Installation of a wired bell is a little trickier than a battery-powered model. It operates on your home’s existing 16-24 V AC circuit, so you’ll first need to open up your doorbell’s mechanical chime box and hook up an included power kit. It’s a straightforward job, made easier by clear step-by-step instructions included in the box. We’re also happy to see the power kit has been upgraded from RemoBell W’s bare PCB with a plastic enclosure and sticky mounting pads.

RemoBell S
Terry Walsh/Digital Trends

The doorbell itself represents a huge leap in style and quality from the previous model. The cheap, glossy plastic construction has been retired, replaced by contrasting metallic-looking finishes and — thankfully — a subtler logo. The large brushed-metal button adds class to a greatly improved design.

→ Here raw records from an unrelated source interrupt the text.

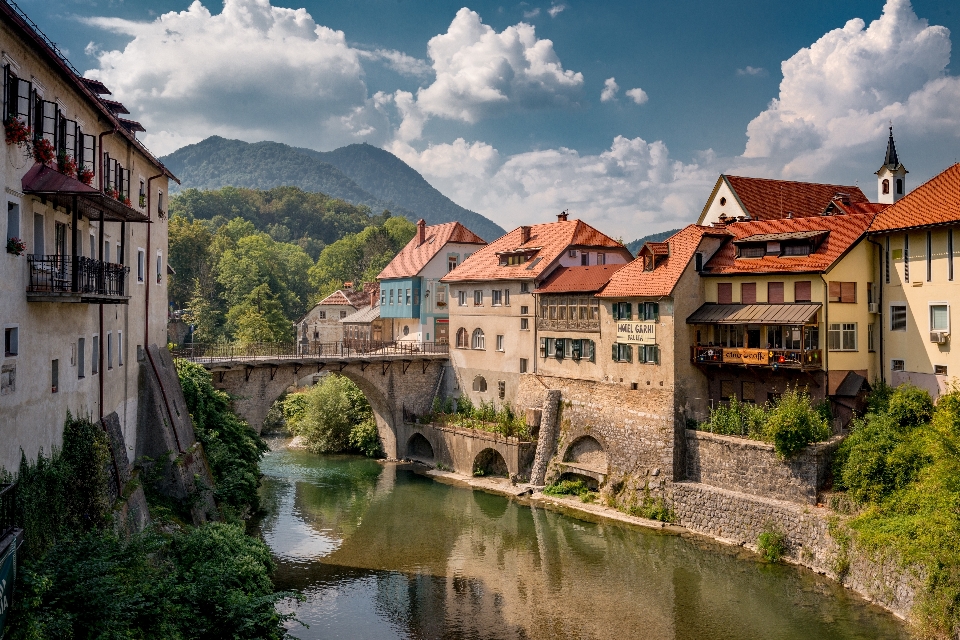 Na wolnym powietrzu góra architektura most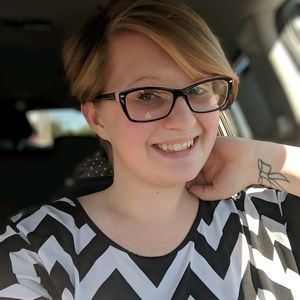 Meet your Posher, Desiree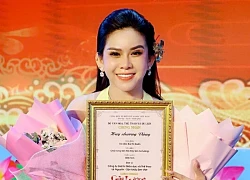 'Thần đồng sân khấu' được 2 ông hoàng cải lương nhận làm con nuôi giờ ra sao?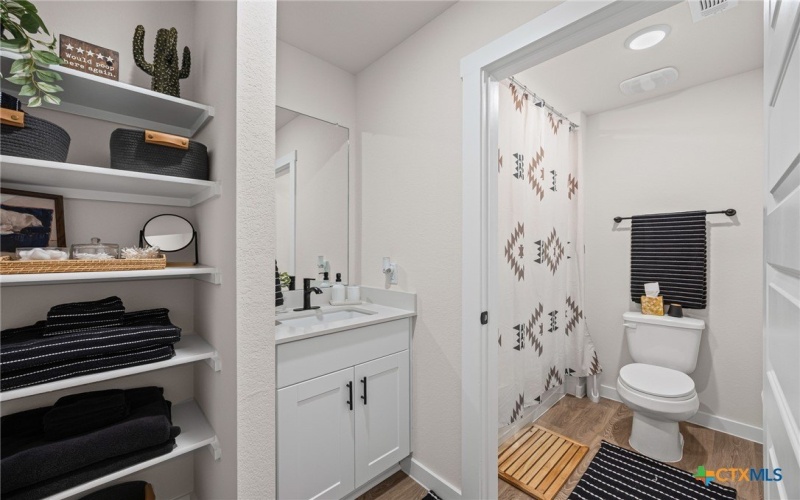 600 Davis Mountain Drive, Lockhart, TX 78644, 4 Habitaciones Habitaciones , ,2 BañosBaños,Residential,En Venta,600 Davis Mountain Drive,0,592982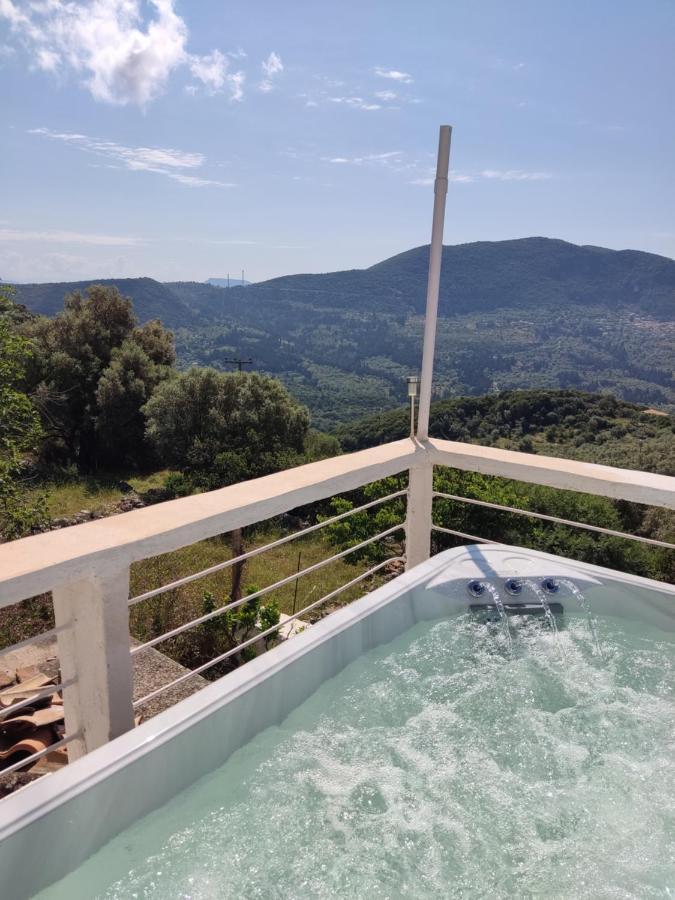 Stathis Guesthouse Fternon Экстерьер фото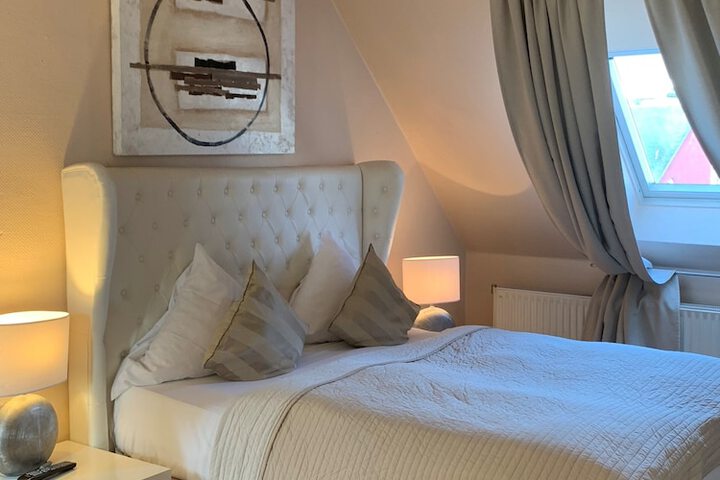 Room 5 of 39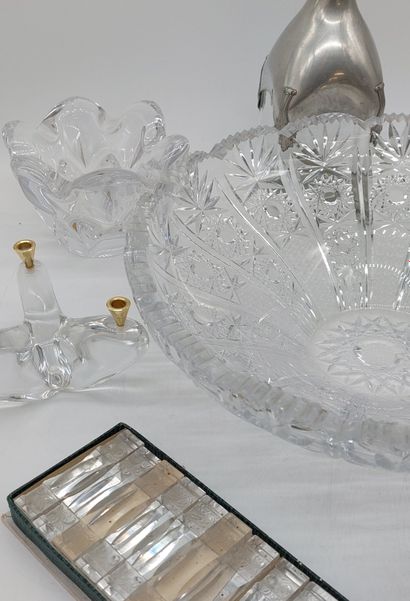 null LOT OF CRYSTAL including :
- 1 cut crystal cup
- 2 Schneider candle holders...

Once hooked up and powered on, you’ll see an LED ring around the button glow and hear voice prompts from the doorbell’s (rather coarse) speaker guide you through the remaining installation process. We found connecting the RemoBell W to our home network to be a clunky experience and, sadly, the same is true of RemoBell S. Perseverance is the key.

Responsive notifications and straightforward features

Once you’re up and running, you’ll find the RemoBell S simple to use. Forget fancy features like person detection or facial recognition — this sub-$100 doorbell offers the basics, including smartphone notification of callers, livestreaming video of your doorway, and two-way chat. If you want to record and manage video clips in the cloud, you’ll need to add an available $3 monthly/$30 per year cloud subscription plan. A 30-day trial is available and, given the low price point, we think it’s a worthwhile investment.

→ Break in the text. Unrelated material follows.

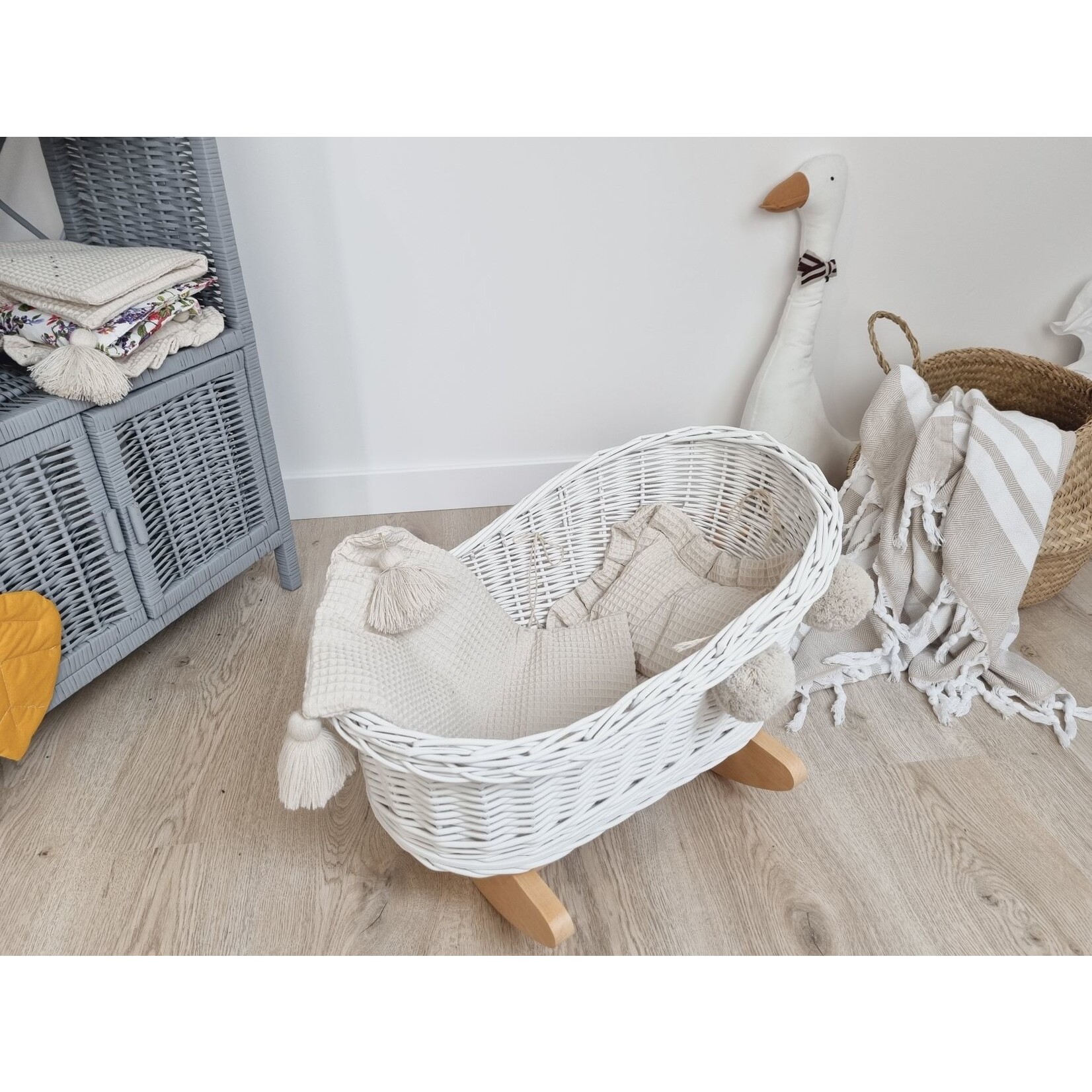 Wiklibox Rieten poppenwieg Wit met dekens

We’re pleased to see the switch away from a dedicated PIR to video-based motion detection hasn’t made RemoBell S any less responsive than its big brother. Notifications for detected motion and callers pressing the doorbell button were triggered immediately throughout our tests. Sensitivity and basic motion zone settings can be tweaked for those experiencing regular false alarms.

remobell s impressions screenshot 20190825 100656
Terry Walsh/Digital Trends

We found video quality to be acceptable for a budget device, but be prepared for compromise. Daytime images offer reasonable clarity but suffer from heavy fish-eye distortion, noticeable artifacts, and blown-out skies. The doorbell’s night vision feature thankfully didn’t suffer from the ghostly purple hue we encountered on the RemoBell W, but lacked the brightness and range of pricier competitors. Up close, your visitors will be reasonably well-illuminated, but don’t expect to see what’s happening on the other side of the street.

Conclusion

There are better-performing, smarter doorbells around, but few deliver the value you’ll get from the $99 RemoBell S. An attractive design, responsive performance, and a solid selection of basic features come together in a capable device that won’t break the bank. 

At this price, RemoBell S has few peers — particularly when it comes to wired models. For a boost in video quality, Anker’s Eufy Security Video Doorbell ($160) leads the way with 2K UHD resolution and High Dynamic Range. Alternatively, the Ring Video Doorbell ($100) offers wireless convenience, but lacks the style and build quality of the RemoBell S.